### WHAT IS BEING ASKED
Repeat only what runs from the line with "Clearance Kirklands Home" through the last line of the data below, both included, keeping every word as it is and leaving out the pictures.
<<<<
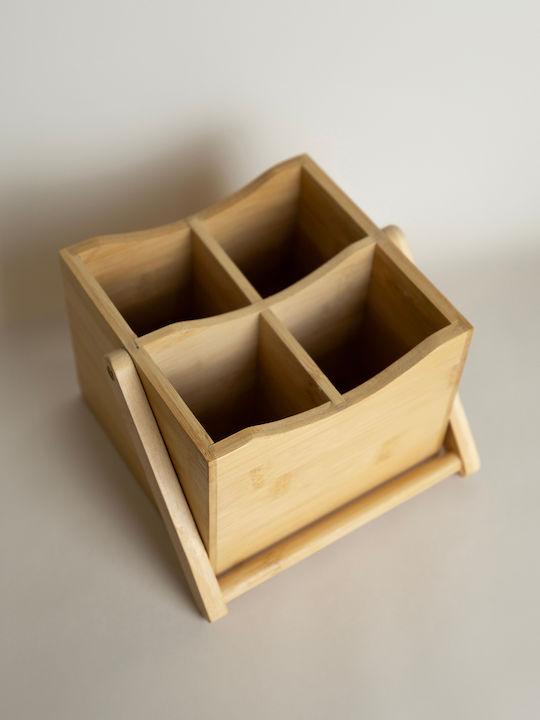 SteweHome Set of Beige Bamboo Decorative Baskets 4 Pieces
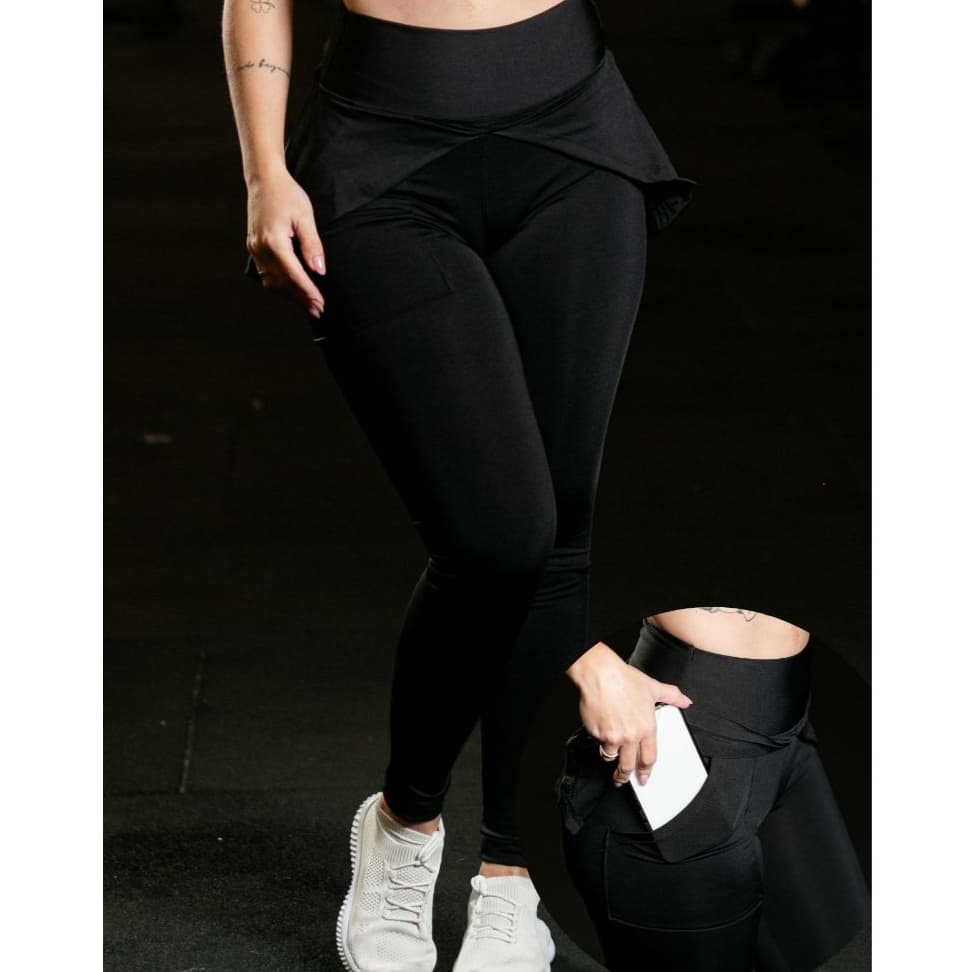 Legging Saia c/ Bolso Suplex Moda Feminina Para Treinar Academia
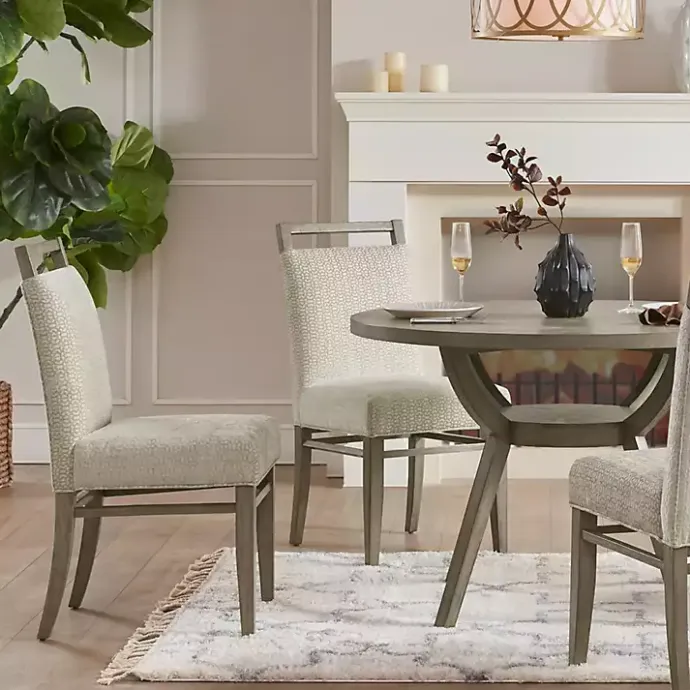 Clearance Kirklands Home Upholstered Wooden Dining Chairs, Set of 2 Ivory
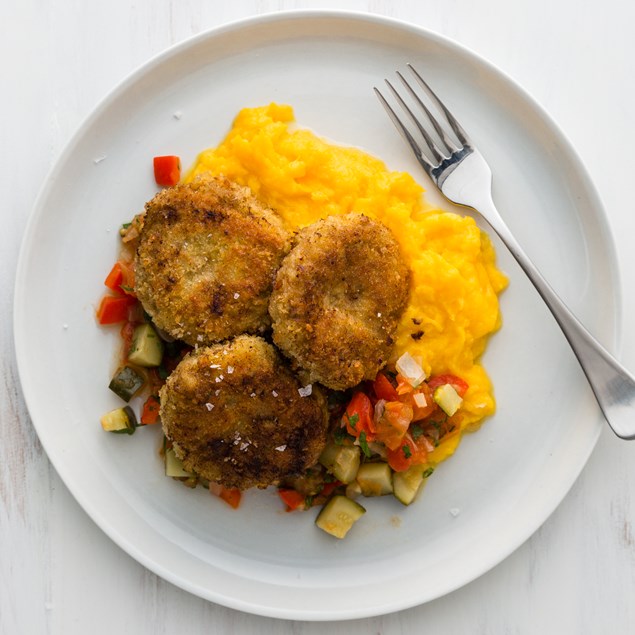 Lamb and Cheese Rissoles with Pumpkin and Sour Cream Mash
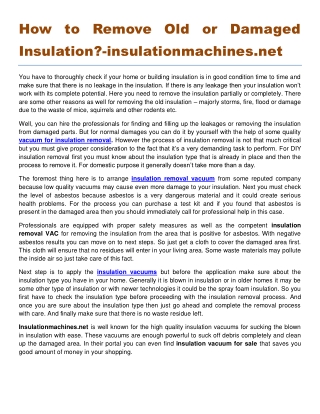 How to Remove Old or Damaged Insulation?-insulationmachines.net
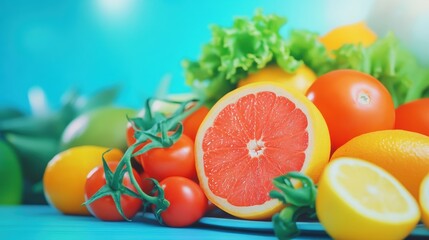 A colorful assortment of fruits and vegetables displayed on a blue table.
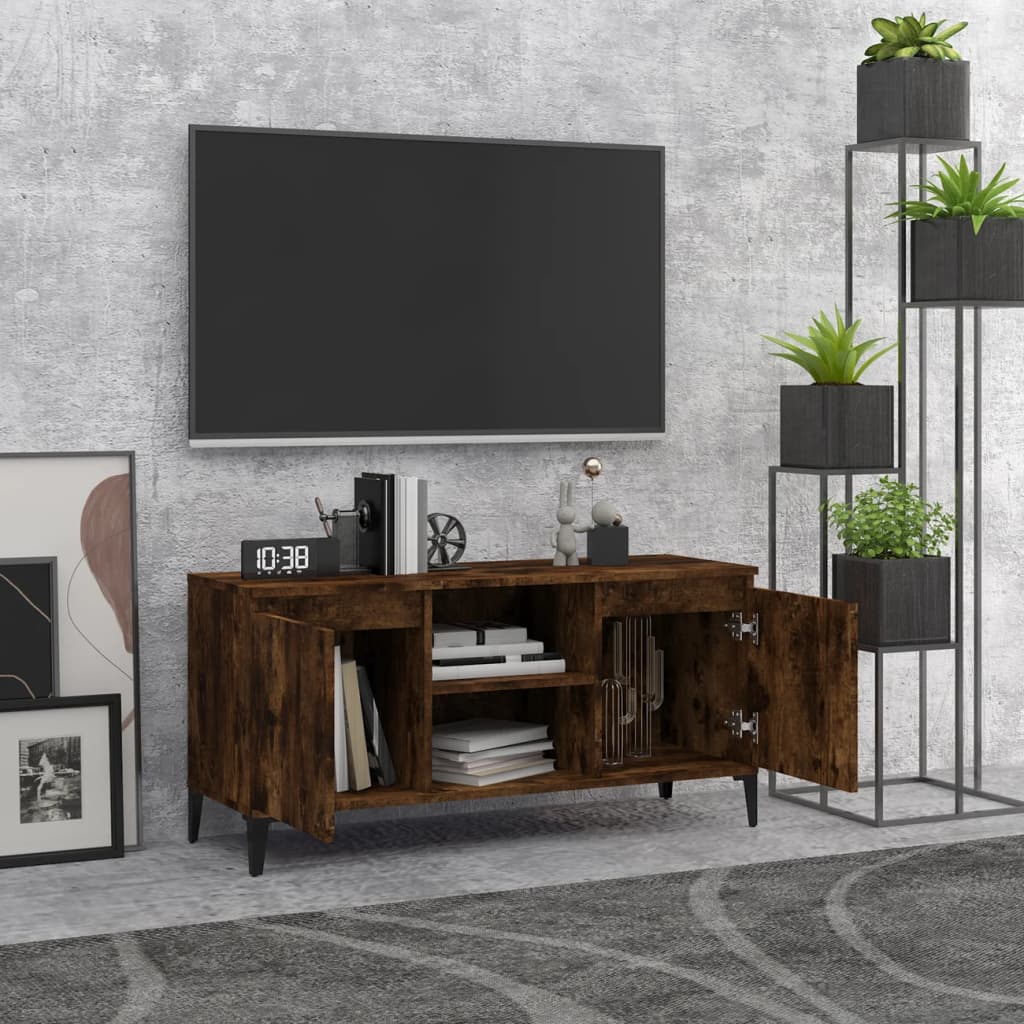 TV spintelė su metalinėmis kojelėmis, ąžuolo, 103,5x35x50cm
>>>>
### EXPECTED OUTPUT
 Clearance Kirklands Home Upholstered Wooden Dining Chairs, Set of 2 Ivory
 Lamb and Cheese Rissoles with Pumpkin and Sour Cream Mash
 How to Remove Old or Damaged Insulation?-insulationmachines.net
 A colorful assortment of fruits and vegetables displayed on a blue table.
 TV spintelė su metalinėmis kojelėmis, ąžuolo, 103,5x35x50cm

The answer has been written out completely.